The omega-3 fats in flax seed help prevent and even help treat breast cancer, thanks to hormone-like plant compounds called lignans. In the body, these convert to compounds that are similar to the body's own estrogen but have much weaker activity. By occupying estrogen receptors on cells, they block the effects of natural estrogen and thus may provide protection against hormone-fueled cancers such as breast cancer. Flax seed has several hundred times more lignans than any other plant food.
Like fish, flax seed may also offer protection from Alzheimer's and depression. Constipated?
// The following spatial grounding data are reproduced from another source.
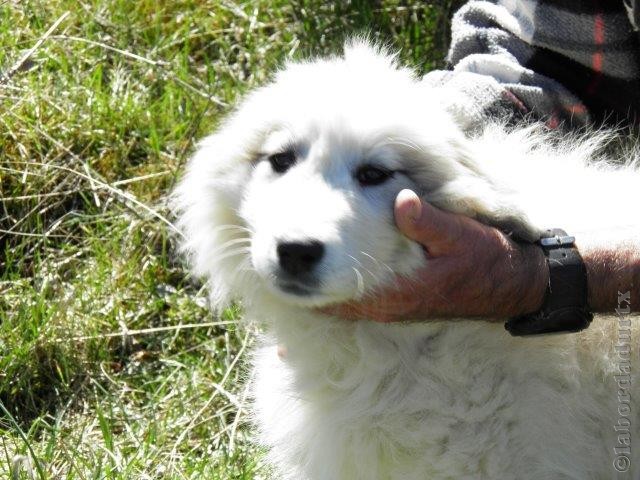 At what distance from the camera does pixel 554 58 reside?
392cm

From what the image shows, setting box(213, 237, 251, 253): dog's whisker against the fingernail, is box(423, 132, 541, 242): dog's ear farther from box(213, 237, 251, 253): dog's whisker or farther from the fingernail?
box(213, 237, 251, 253): dog's whisker

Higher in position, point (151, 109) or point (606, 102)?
point (606, 102)

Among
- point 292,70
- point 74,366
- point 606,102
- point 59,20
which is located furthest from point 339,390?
point 59,20

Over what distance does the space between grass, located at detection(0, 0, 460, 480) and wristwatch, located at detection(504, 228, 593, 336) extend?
1201 mm

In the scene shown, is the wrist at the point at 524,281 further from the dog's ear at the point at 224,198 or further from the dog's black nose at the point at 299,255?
the dog's ear at the point at 224,198

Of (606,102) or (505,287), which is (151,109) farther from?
(505,287)

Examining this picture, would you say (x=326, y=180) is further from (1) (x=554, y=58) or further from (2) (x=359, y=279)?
(1) (x=554, y=58)

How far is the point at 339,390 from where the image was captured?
3.02 m

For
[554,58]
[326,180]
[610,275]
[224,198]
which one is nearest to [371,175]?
[326,180]

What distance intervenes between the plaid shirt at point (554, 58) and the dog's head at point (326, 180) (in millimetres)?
615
Flax seed should do the trick. (Eat too much, and you'll quickly discover the laxative effects.)
The lignans in flax seed are much better absorbed by the body if the seeds are eaten ground or crushed. (Whole seeds, on the other hand, tend to pass right through your body undigested.) But because of its high fat content, flax seed will spoil if you grind it but don't use it right away. The solution: Buy whole seeds in bulk and grind them only as you need them. Whole seeds will last up to a year stored at room temperature. If you buy ground flax seed, keep it in the fridge.
You can easily make ground flax seed part of almost any meal.
Sprinkle on hot or cold cereal.
Add to meat loaf, meatballs, burgers, and casseroles.
Stir into yogurt or add to granola or trail mix.
Add a tablespoon or two to doughs and batters for pancakes, waffles, muffins, and breads. Just keep an eye on baked goods in the oven; the flax seed could make them brown quicker than usual.
Use as a topping for ice cream or frozen yogurt.
Add to smoothies.
Use to replace one-fourth of the flour in muffin or pancake batter.
Add to cooked fruit desserts like baked apples or blueberry compote.
Sprinkle in your favorite sandwich filling, such as tuna or chicken salad.
Add to cream cheese or sprinkle on a soft cheese and enjoy with some whole grain crackers for a blood sugar-friendly snack.
Perfect Portion: 1 to 2 tablespoons
A tablespoon or two a day, ground and blended into other foods, could do wonders for your blood sugar control and overall good health. You can also mix 1 or 2 tablespoons of ground flax seed into a glass of water and drink it.